A U.S. federal judge on Wednesday ruled that Republican-led Texas must remove floating barriers it set up to deter migrants from crossing the U.S.-Mexico border in heavily trafficked areas of the Rio Grande.

"Unfortunately for Texas, permission is exactly what federal law requires before installing obstructions in the nation's navigable waters," Federal District Judge David A. Ezra wrote in his order, issuing a preliminary injunction to remove these barriers and stop building further obstructions in the river.

Texas Governor Greg Abbott's office immediately appealed Ezra's ruling to the U.S. Court of Appeals for the Fifth Circuit, claiming that the state "is prepared to take this fight all the way to the U.S. Supreme Court."

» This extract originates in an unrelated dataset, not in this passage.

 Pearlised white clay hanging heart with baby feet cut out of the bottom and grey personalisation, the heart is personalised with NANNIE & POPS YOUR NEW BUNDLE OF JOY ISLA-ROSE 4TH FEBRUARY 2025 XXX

"Today's court decision merely prolongs President Biden's willful refusal to acknowledge that Texas is rightfully stepping up to do the job that he should have been doing all along," the governor's office said in a statement.

In the wake of the end of Title 42 in May, Abbott ordered the deployment of the 1,000-foot string of buoys in the middle of the border river next to Eagle Pass, western Texas, which shares the border with the Mexican city of Piedras Negras.

The Biden administration filed a lawsuit against Texas in late July, alleging that Texas and its governor violated the Rivers and Harbors Appropriation Act by building a structure in U.S. water without permission from the U.S. Army Corps of Engineers.

The state argued that the barrier isn't a structure that requires authorization, and that it notified the International Boundary Water Commission, the binational body that regulates the Rio Grande, before the installlation.

The Mexican government has repreatedly condemned the establishment of water barriers in the Rio Grande, calling the Texas move a "violation of our sovereignty."

"We express our concern about the impact on the human rights and personal safety of migrants that these state policies will have, which go in the opposite direction to the close collaboration between our country and the federal government of the United States," the Mexican Ministry of Foreign Affairs reportedly said in the statement last month.